We have a gardenia that was very healthy and blooming. It’s a cluster of some 4-5 stems, in a well draining soil (about a 12″ pot with lots of holes). It would have the occassional yellow leaf, but otherwise in good shape.
Last week, we noticed one stem where the leaves at the top started to curl and wilt, and the leaves from the bottom turned black making their way up the stem. I tried scraping it off (to see if it’s sooty mold) but the leaf itself appears more like it rotted. I tried to look for bugs, but couldn’t see anything, not even dots. There are some spiders (not mites) about the garden that weave between the pots, but none of the other plants, including another gardenia we have (same soil, same pot, same location) are affected.
We pulled out that branch, to protect the others and inspected the roots – they looked and smelled fine. Now, two other stems are doing the same, while the others continue to look healthy and bloom (you can see a dying stem and a healthy one in the pic). We are worried about the rest of the plant. Any ideas on how to save i?
From your description of the plant’s leaves, this sounds like a fungal infection. Although it’s hard to see details in the photo you sent, entire leaves almost look like they have dried up. It’s concerning that the stems are also affected. Take a look at an earlier post on Ask a Master Gardener, Gardenia – black spots. This relates to leaf spot disease, where leaves actually would look spotted; I don’t believe that this is what’s bothering your gardenia, but it’s worth a look at the response.
You’ve verified that it’s not sooty mold that is afflicting your plant, but black spots often mean some sort of fungal infection. This could be rhizoctonia, a fungus that causes brown spots on leaves. It may be hard to tell whether the discoloured areas are black or brown. The fungus persists in soil and is passed on by infected soil. Rhizoctonia starts on older leaves and moves upwards, when the gardenias are watered excessively or are overcrowded and lacking in air circulation. To treat, remove affected leaves, prune the plant to ensure good air circulation and transplant the gardenia into a sterilized container, with fresh (sterile) potting soil.
Root rot also comes to mind, as this can be caused by fungi as well. However, you’ve examined the roots, which you say look and smell fine. With root rot, you would usually see yellowing of the leaves (oldest ones first), followed by leaf drop and wilting. It may be worthwhile re-examining the roots – those affected by root rot would not have healthy white roots, but rather brown and rotting ones. Root rot is promoted by wet soil conditions and can cause gradual decline or sudden death in gardenias and may affect all or only part of the plant.
Sometimes too much love and attention can be a bad thing. Overfertilizing a gardenia can result in brown patches on leaves and browning leaf tips/edges, among other things. You’ve likely been watering the plant regularly, and as the pot drains well, would not expect that the plant is resting in soggy soil. But overwatering can create an ideal environment for fungus to thrive.
And leaves can curl due to excess heat, but that’s usually in the presence of low humidity. It’s the end of August and we’ve had a very hot, humid month but not much rain.
I’d suggest the following:
- As this may be a fungal infection that is soil-borne, transplant the gardenia into a fresh, sterilized container (a larger one than the current pot) and use new potting soil.
- Before transplanting, prune off the affected leaves and stems and cut away roots that look unhealthy.
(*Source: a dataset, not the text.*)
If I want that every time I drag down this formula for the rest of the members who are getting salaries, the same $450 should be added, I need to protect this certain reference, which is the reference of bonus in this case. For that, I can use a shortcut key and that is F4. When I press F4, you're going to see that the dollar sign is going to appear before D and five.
Discard these in the garbage (do not compost or any disease could spread). Clean your clippers/tools well (using rubbing alcohol).
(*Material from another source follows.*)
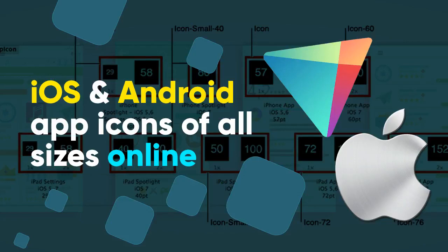Hello guys. In this video, I'm going to show you how to generate iOS and Android app icons of all sizes online.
- Remove any debris from soil surrounding the plant.
- When watering, do so from under the plant, not overhead, where water splashed on leaves can damage them.
- Give the plant some room. You mention that the gardenia is in a 12 inch pot, but from the photo, it looks like it is surrounded by and very close to several other plant varieties. To maintain healthy plants, it’s best to keep space them apart, so that air can circulate. We’re near the end of the growing season, and likely all your plants have grown and spread out a great deal over the summer months. It’s also a good idea to keep the gardenia away from other plants, in case whatever is affecting it could be passed to its neighbours.
For more information, see Texas A&M Agrilife Extension’s Texas Plant Disease Handbook.
All the best in saving your lovely plant!